Fernando Aguirre

Fernando Aguirre

Chiquita has outlined a massive restructuring plan designed to save it up to $80 million a year as hundreds of jobs go and it turns it back on prepared fruit salads.

The changes are designed to improve efficiency and profitability by consolidating operations and simplifying overheads.

“As a result of these changes, the company expects to generate new, sustainable cost reductions of approximately $60m-80m annually, beginning in 2008, after a one-time charge of approximately $25m in the fourth quarter 2007 related to severance costs and certain asset write-downs,” the multi-national said in a statement. “Realized savings will improve profitability, and resulting additional cash flow will be used primarily to reduce debt, consistent with the company's previously announced target to achieve a debt-to-capital ratio of 40 per cent.”

Chairman and ceo Fernando Aguirre said since 2005, market dynamics have been changing, limiting Chiquita’s profitability and hindering its strategy. “While we have already taken various actions to strengthen our balance sheet, improve our risk profile, and diversify the company, we continue to endure rising industry costs, punitive European banana import regulations, and a slower-than-expected recovery in the value-added salads category,” he said. “We began a major analysis in the summer when we realized the effects of these negative forces were impacting our profit plans longer than originally anticipated. As a result of this analysis, we are taking several significant broad-based actions across the business, which are designed to improve our performance in areas we can more directly influence and control.”

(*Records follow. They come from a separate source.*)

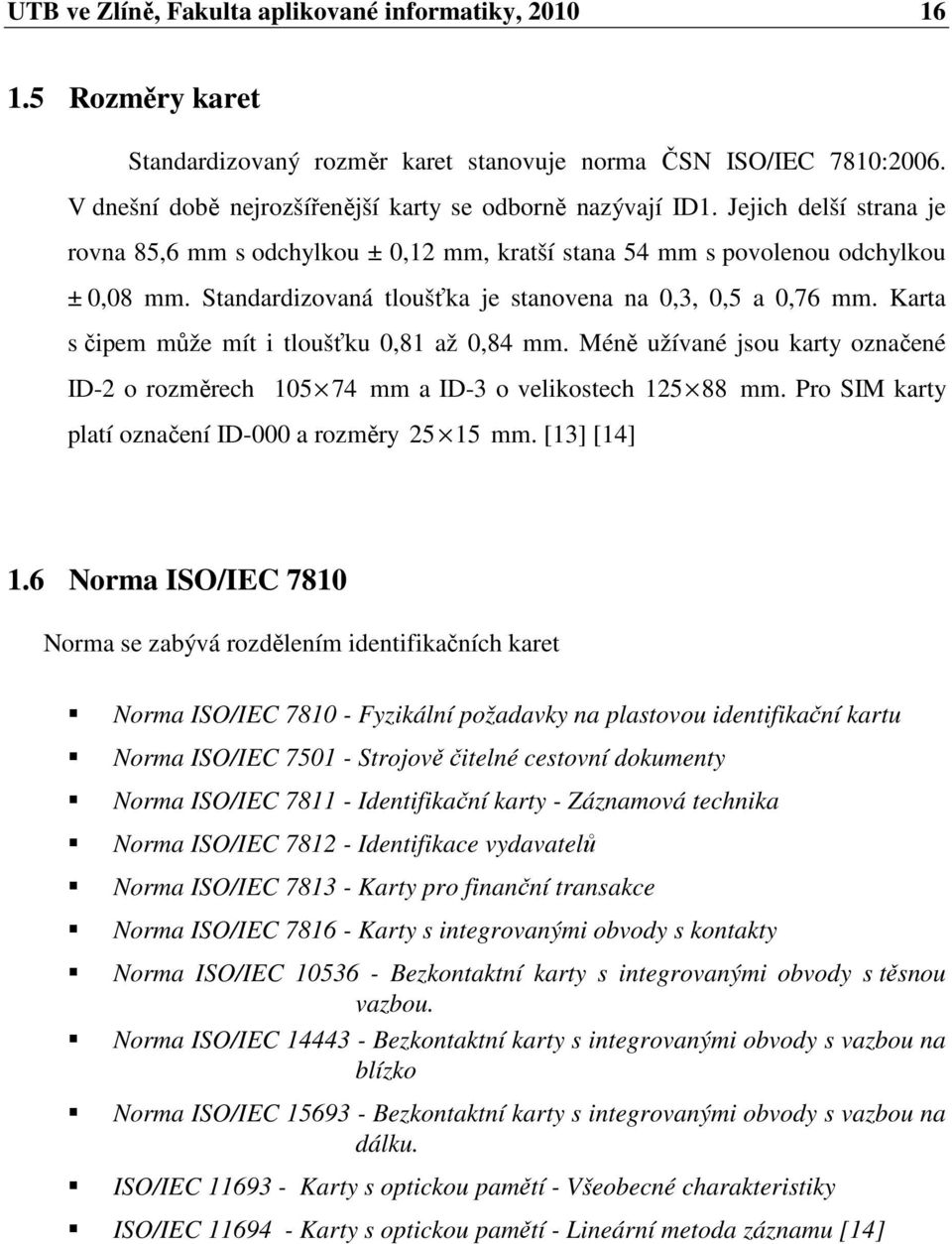 Karta s čipem může mít i tloušťku 0,81 až 0,84 mm. Méně užívané jsou karty označené ID-2 o rozměrech 105 74 mm a ID-3 o velikostech 125 88 mm. Pro SIM karty platí označení ID-000 a rozměry 25 15 mm.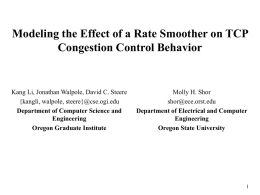 Modeling the Effect of a Rate Smoother on TCP Congestion Control Behavior  Kang Li, Jonathan Walpole, David C.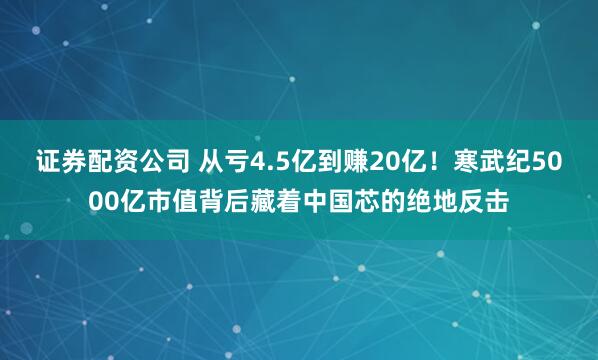 证券配资公司 从亏4.5亿到赚20亿！寒武纪5000亿市值背后藏着中国芯的绝地反击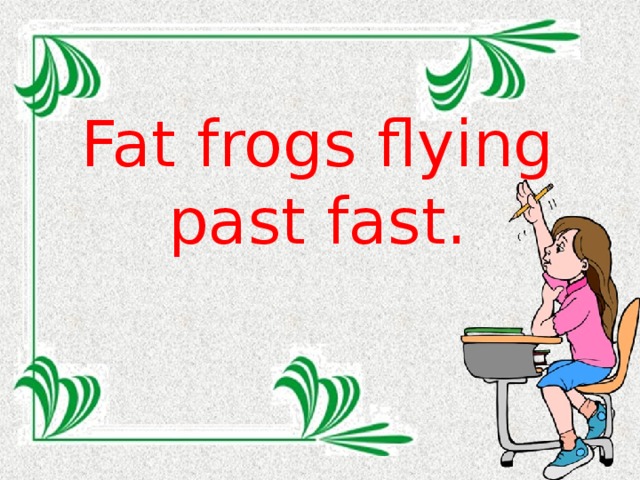 Fat frogs flying past fast.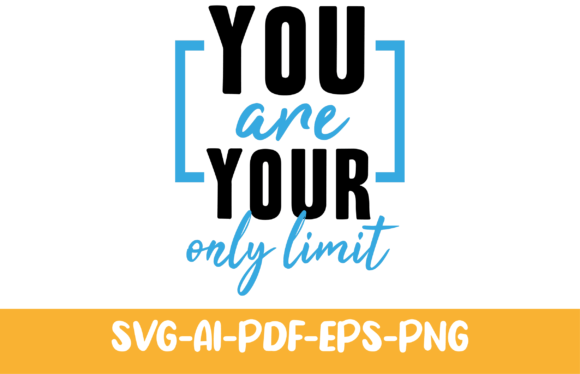 You Are Your Only Limit Graphics for Print Templates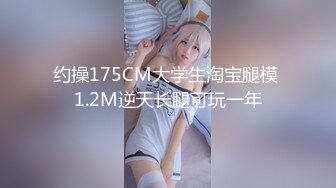 约操175CM大学生淘宝腿模 1.2M逆天长腿可玩一年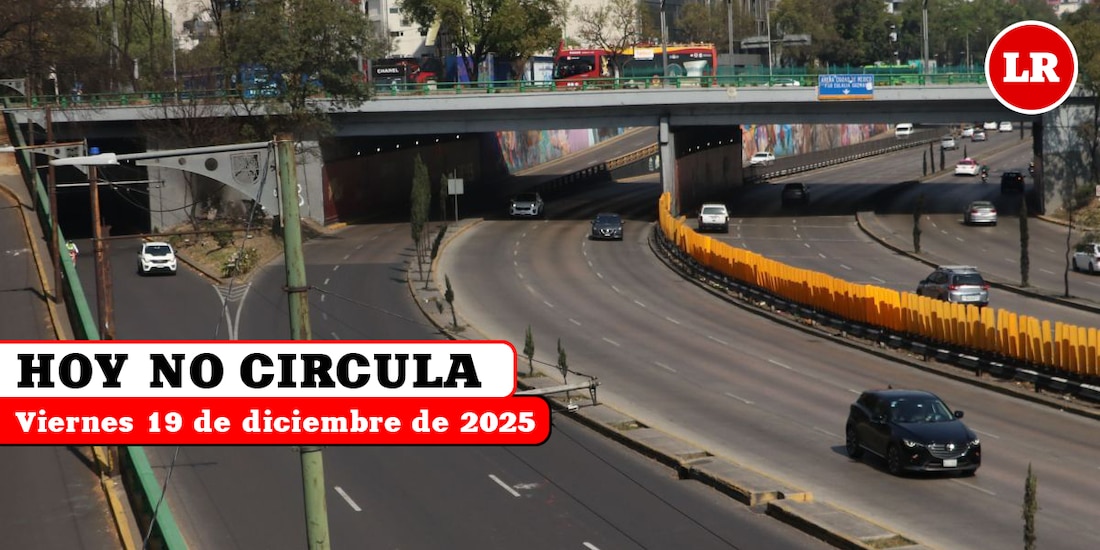 Revisa aquí cómo aplica el Hoy No Circula este viernes 19 de diciembre de 2025 en la Ciudad de México y el Estado de México.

Some160 management positions world-wide are being axed streamling management at the three highest levels by a fifth. There will also be changes to the business model with the organisation’s structure realigned by geography rather than product line.

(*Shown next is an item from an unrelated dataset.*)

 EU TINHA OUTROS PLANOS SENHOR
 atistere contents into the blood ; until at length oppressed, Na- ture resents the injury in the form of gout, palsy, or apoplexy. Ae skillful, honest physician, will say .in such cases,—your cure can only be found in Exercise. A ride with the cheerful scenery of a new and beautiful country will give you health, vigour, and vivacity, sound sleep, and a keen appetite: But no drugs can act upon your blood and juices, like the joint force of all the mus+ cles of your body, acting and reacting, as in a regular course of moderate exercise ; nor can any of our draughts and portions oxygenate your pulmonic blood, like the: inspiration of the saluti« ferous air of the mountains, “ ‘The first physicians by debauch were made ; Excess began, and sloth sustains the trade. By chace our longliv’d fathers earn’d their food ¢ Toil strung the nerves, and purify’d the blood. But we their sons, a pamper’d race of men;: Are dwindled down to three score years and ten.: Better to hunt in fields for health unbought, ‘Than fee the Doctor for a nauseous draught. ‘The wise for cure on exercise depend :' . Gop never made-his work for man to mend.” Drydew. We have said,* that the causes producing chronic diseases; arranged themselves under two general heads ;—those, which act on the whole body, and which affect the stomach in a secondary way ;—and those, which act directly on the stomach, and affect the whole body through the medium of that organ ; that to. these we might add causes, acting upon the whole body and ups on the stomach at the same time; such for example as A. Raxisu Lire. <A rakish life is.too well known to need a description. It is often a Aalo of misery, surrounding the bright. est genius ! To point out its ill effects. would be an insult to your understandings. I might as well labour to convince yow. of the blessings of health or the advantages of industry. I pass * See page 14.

The company's recent acquisition of the Verdelli Farms facility mans that Chiquita’s Fresh Express subsidiary is to close tow of its nearby operations for fresh-cut salads in the eastern US. Chiquita will also pull out of the fresh-cut fruit salad market and concentrate on concentrate on the value-added salads and healthy snacks. And in Europe, the position of Chiquita’s Atlanta AG acquisition is being reviewed with the possibility of a sale in the near future. Aguirre concluded: "With these actions, we are taking a major step forward to create a more positive future for Chiquita…however, we will need to redefine our growth targets, since the negative impacts of rising industry costs, the EU tariff regime and the E. coli event have slowed down our strategic growth plan considerably, such that reaching our goals will take us longer than we originally estimated. We expect to provide more information about these long-term financial goals early in 2008."